Looking ahead, the crisis in advanced economies is a reminder of the need for Asia to now make further progress with economic rebalancing and develop stronger domestic engines of growth. In addition to structural reforms, this would require a reprioritization of fiscal spending, in order to create fiscal space for critical infrastructure investment and social priority expenditure.
Despite fast growth and progress in poverty reduction, income inequality in Asia has increased over the last decade — and by more than it has done in other regions. Key elements of a strategy to reduce the share of vulnerable households in Asia would include better social safety nets and more investment in health and education. Here the report suggests that measures that would help increase domestic demand over time, and make the region more resilient to external shocks, would also help to make growth in Asia more “inclusive.”

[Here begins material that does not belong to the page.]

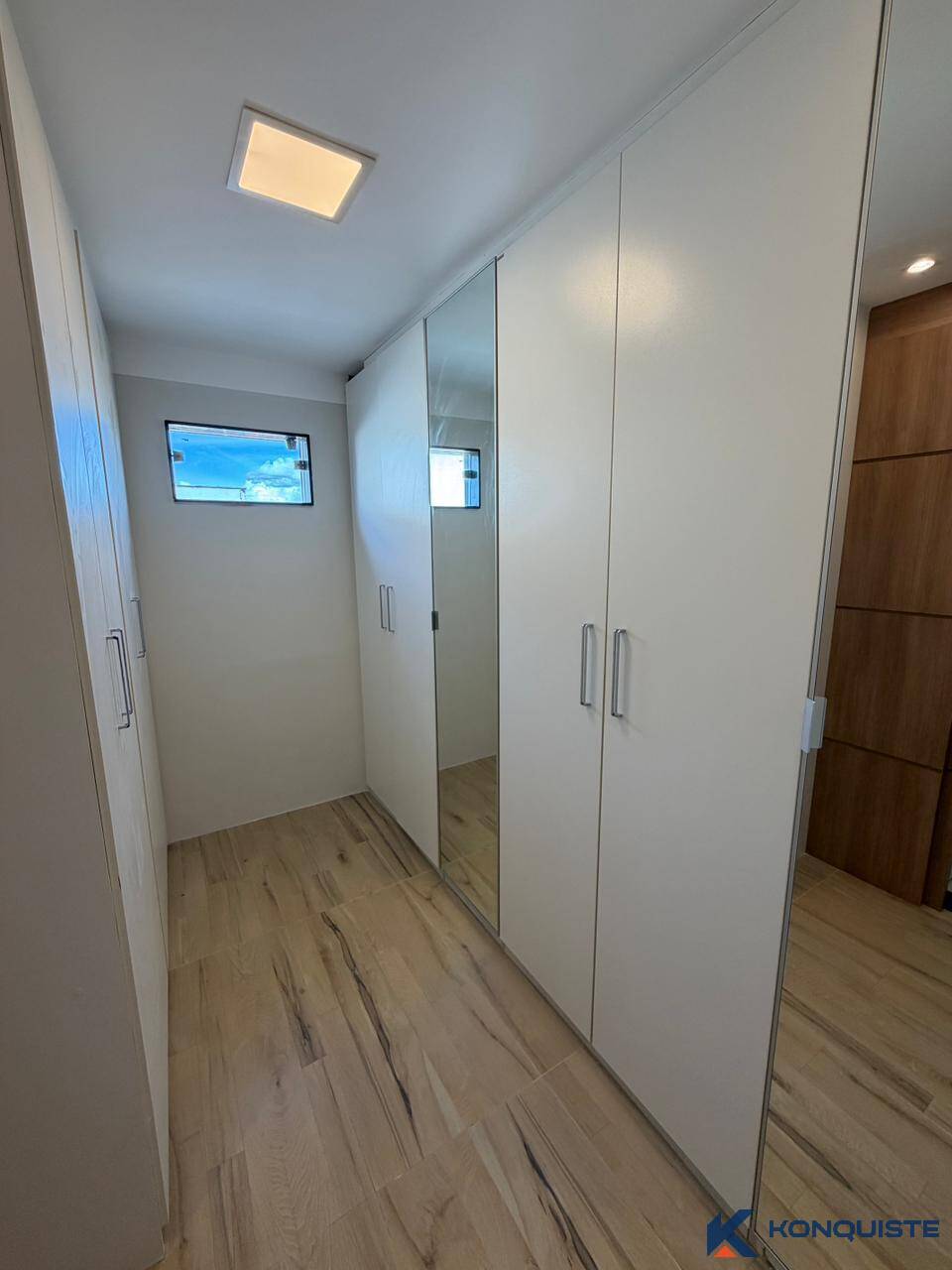 Casa de Condomínio, 3 quartos - Foto 19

In sum, economies in the Asia Pacific region are still expected to continue growing at solid rates. However, downside risks from a weakening global economy have greatly intensified and underscore the need to shift the growth model for Asia. In the near-term, policy makers face the challenging task of navigating opposing risks to growth and financial stability amid a highly uncertain global environment, and a pause in monetary tightening may be warranted in some countries until such uncertainties have lessened. Looking farther ahead, strengthening Asia’s domestic sources of growth and making growth more inclusive are key to increase economic resilience over the medium-term.